REQUIRED WORK
Leave the pictures out and quote only the lines from the one with "hombre robando en Puerto Cortés" down to the end of the listing below.

SUPPLIED MATERIAL
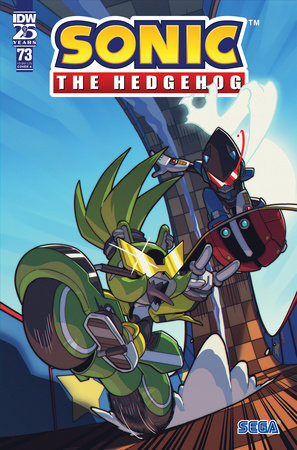 Sonic the Hedgehog #73 (rel:9/18)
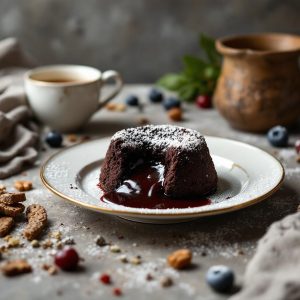 gourmet-chocolate-lava-cake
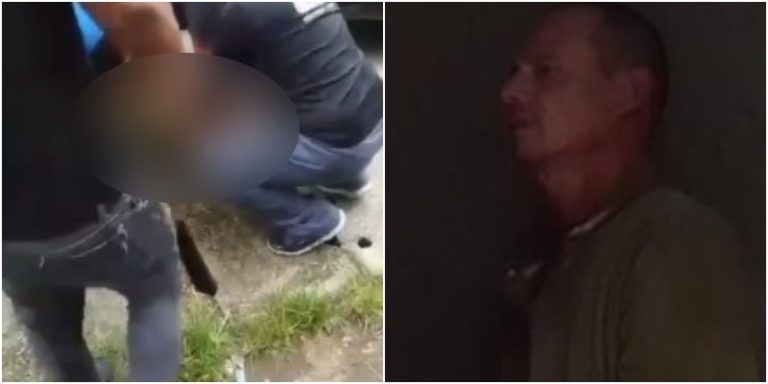 hombre robando en Puerto Cortés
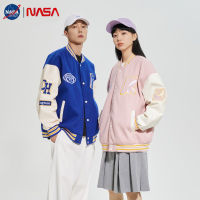 Spot Gifts Nasa Joint Embroidery Baseball MenS Tide Brand Korean Version Of Autumn Trend Jacket Boys Casual Couple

SOLUTION TO THIS PROBLEM
 hombre robando en Puerto Cortés
 Spot Gifts Nasa Joint Embroidery Baseball MenS Tide Brand Korean Version Of Autumn Trend Jacket Boys Casual Couple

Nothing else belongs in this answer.